Final answer:
The velocity of the wind relative to the cyclist, who is traveling due east at 12 km/h, with the wind blowing from the south-west at 5 km/h, can be calculated using vector addition. The wind's component that is relevant to the cyclist is the one perpendicular to their direction of movement, yielding an effective north-east velocity of approximately 3.54 km/h.
Step-by-step explanation:
To find the velocity of the wind relative to the cyclist who is traveling due east at 12 km/h, with the wind blowing from the south-west at 5 km/h, we need to use vector addition. The wind has a component blowing towards the north-east (opposite to south-west direction) and another component blowing towards the south-east. However, since the cyclist is moving east, we only need to consider the component of the wind's velocity that is perpendicular to the cyclist's velocity, which is blowing from the south-west towards the north-east.
Using vector addition:
- Break down the wind velocity into two perpendicular components: one in the direction of the cyclist's travel (eastward) and the other perpendicular to it (northward).

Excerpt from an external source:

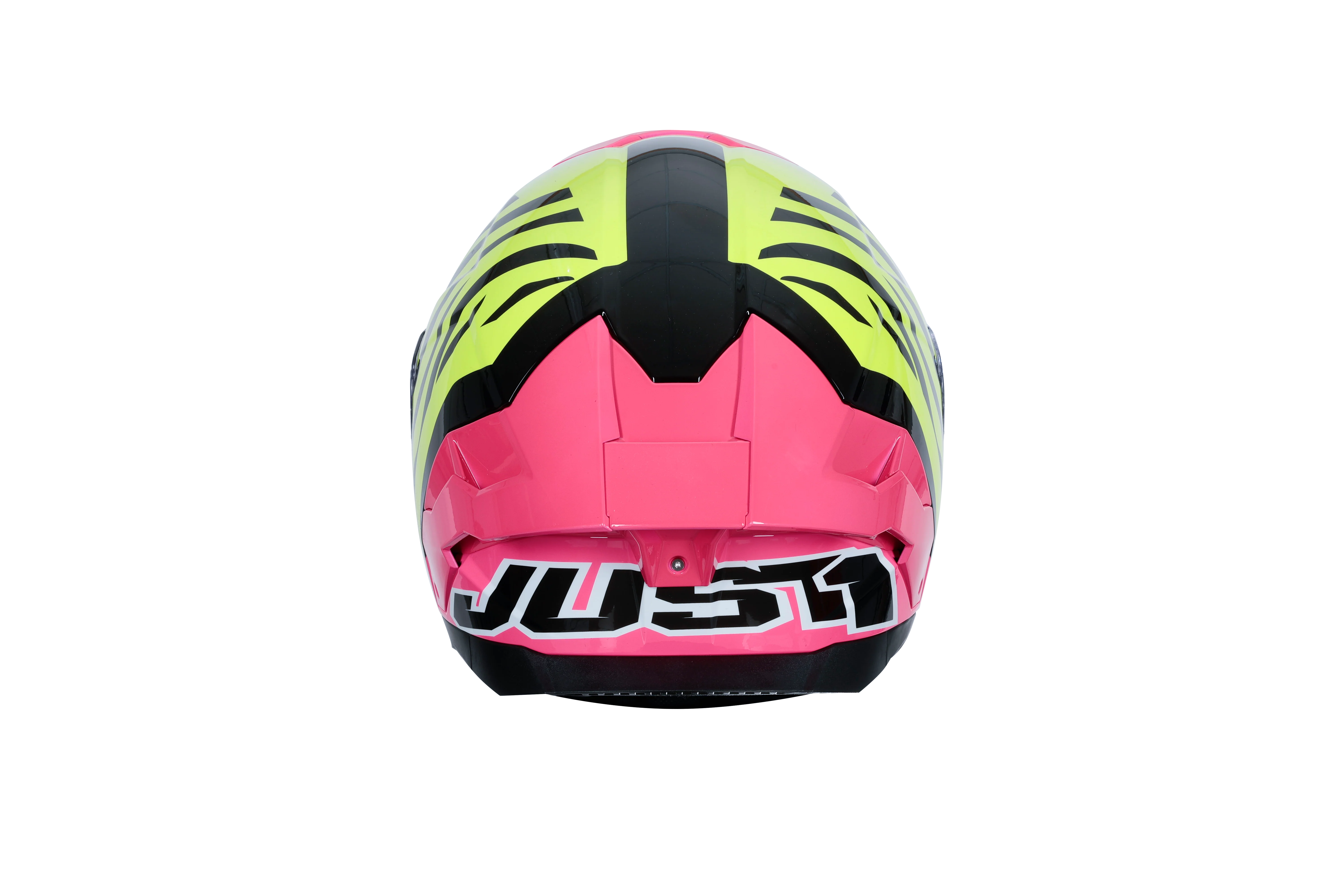Just1 J-STR Helm Tiger Tom Booth-Amos Replica 2025 6130320201000 - Image 6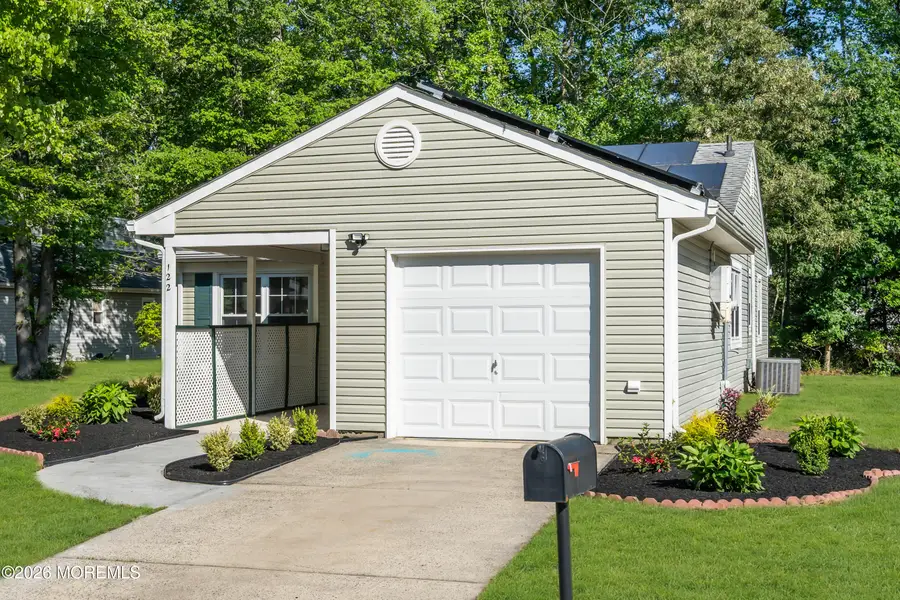 122 Lexington Drive, Mystic Island, NJ 08087 - #3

- Because the wind direction is from the south-west, these components have equal magnitude since south-west is 45 degrees off of both the south and west axes.
- The eastward wind component is canceled out by the cyclist's travel, so we focus on the northward component.
- Since the angle is 45 degrees, and using basic trigonometry, the northward (and eastward) component of the wind's velocity is 5 km/h * cos(45 degrees) = 5 km/h * 0.7071 ≈ 3.54 km/h.
Therefore, the cyclist feels the wind coming from the side, from the south-west, with an effective velocity of 3.54 km/h to the north-east relative to their movement.